# Calculation for the reviews page



## KDLadage (Feb 2, 2002)

Morrus,

You asked for some ideas on how to calculate the score for the reviews page. Well, here is an idea... Have the final score of the product calculated from the following formulae:

*V x (A-1)^2*

where:

 *V* is the number of votes that the product has received
 *A* is the average vote that would be displayed now

In other words, multiply the number of votes that the product has received by the square of the average vote minus 1.

By using this formulae, you will want to limit the to 10 lists and bottom 10 lists to those that have recieved at least 5 (or the current 7) votes. If you were to use this, you might want to display average vote as well.


----------



## praetorian (Feb 2, 2002)

what is the advantage of this system?  I have not tested it much, but it seems to allow items with lower averages to beat out items with higher averages by getting more reviews.  For example, the player's handbook would crush the manual of the planes with your system (if I am calculating it right), just by having more reviews.

Oh, now that something needs 7 reviews to get on the lists, how about something like a "rising stars" list, for the best products that haven't gotten that many reviews yet?


----------



## Morrus (Feb 2, 2002)

Umm... call me stupid - but, huh?

I'm sure it's a great idea, but I don't understand it.  Could you explain how it works (the forumula that appears to be the much sought after unversal equation, that is, not the idea for a new list)?

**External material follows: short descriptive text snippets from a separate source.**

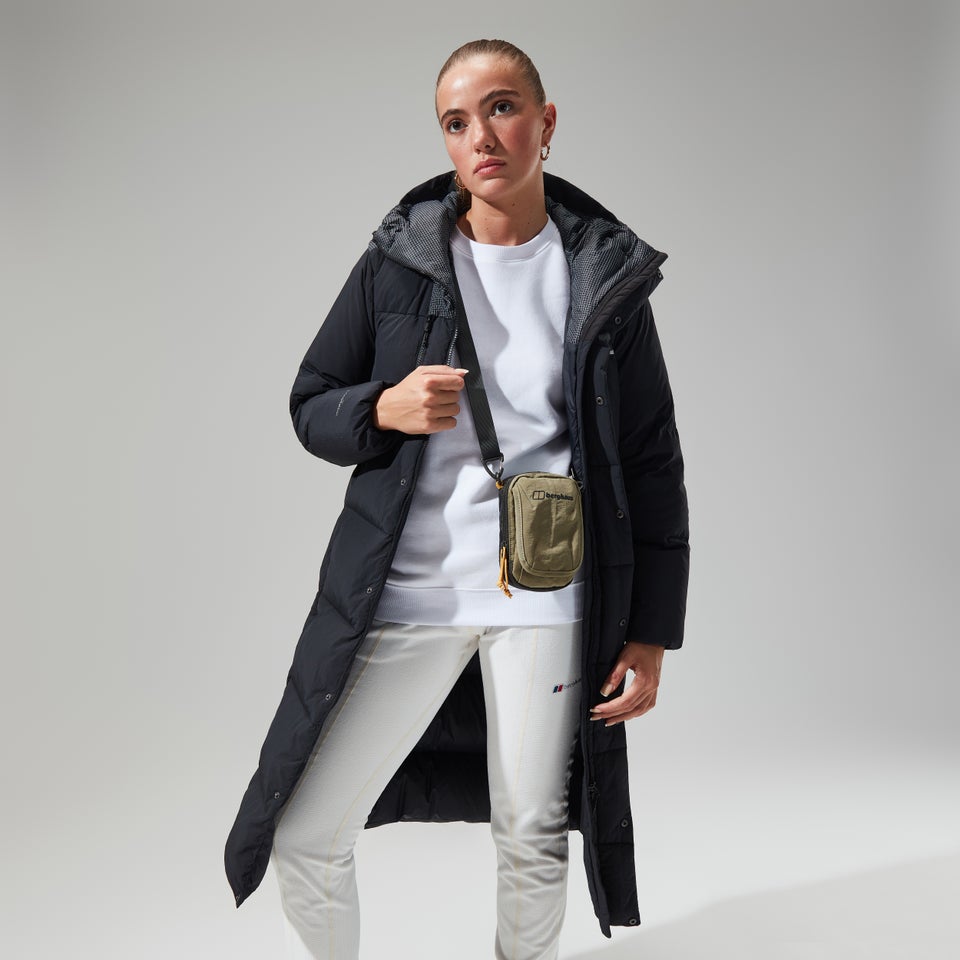 Women's Saffren Down Duster Hooded Jacket - Black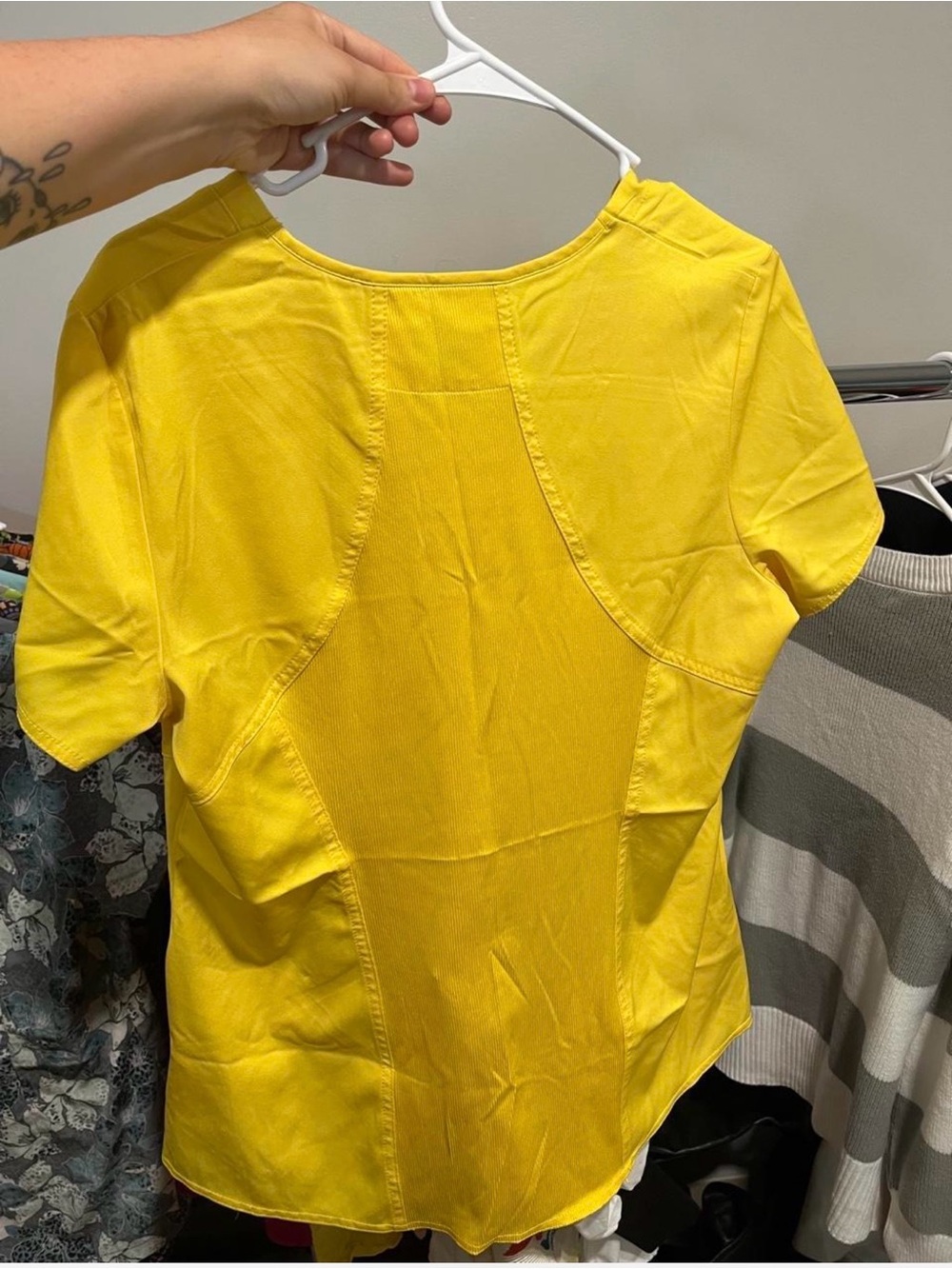 Women’s Yellow Short-Sleeve Panel Tee - Classic Crew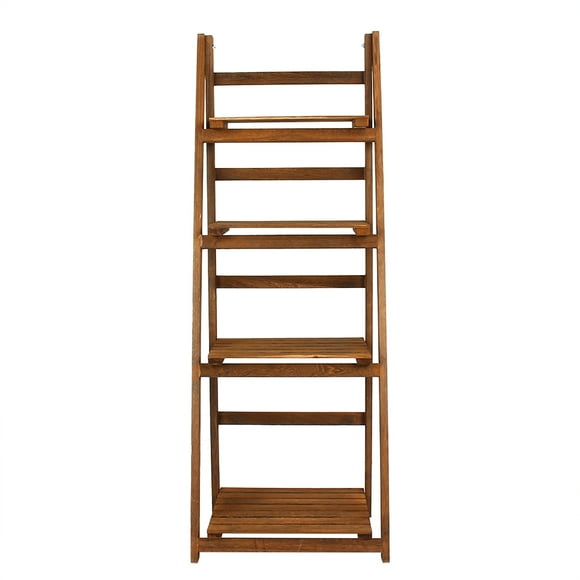 4 Tier Ladder Shelf Display Unit Home Bookcase Stand Plant Flower Storage Rack (Brown)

http://www.hawking.org.uk/text/physics/physics.html


----------



## bensei (Feb 2, 2002)

If I understand your intention correctly, Morrus, you don't want to see a product with just 3 reviews of 5 topping a list, where the next in line has an average of 4,5 with 10 reviews. But on the other hand you _do_ want to see a product with 6 perfect scores in a list where the top has an average of 3,8 with 10 reviews.

What about the following:
Each product is assigned a number, which is the *sum* of all review scores.
Only products, whose number from 1. is higher than a fixed value (e.g. 27), qualify as possible top 10 candidates.
From the list of possible candidates the final top 10 list is generated by ranking the average values.
[/list=1]

This way a product with 6 perfect reviews _could_ come into the list, as well as a product with 10 reviews and an average of 3.
On the other hand a product with just 4 reviews could not come into the list, even if all of them were a pefect 5.


----------



## Psionicist (Feb 2, 2002)

The final equation will then be

V x (T / V - 1) ^ 2 

Using the standard and KDLagade equations

V = Number of votes
T = Total pool of ranks

To describe how it works
1) First of all, unless Liquide used some weird method when creating the reviews system, every products have 2 fields in the database, "total number of votes", and the "total value of all votes". Lets say I vote a 5 on Manual of the Planes, then the system adds 1 to total "total number of votes", and 5 to the "total value of all votes".
So, after a while, a product may have 12 votes and a total value of 48. If 12 people have voted the "total number of votes" will ALWAYS be 12, while the "total value of votes" will wary from 12 (if all voted 1) and 60 (if all voted 5).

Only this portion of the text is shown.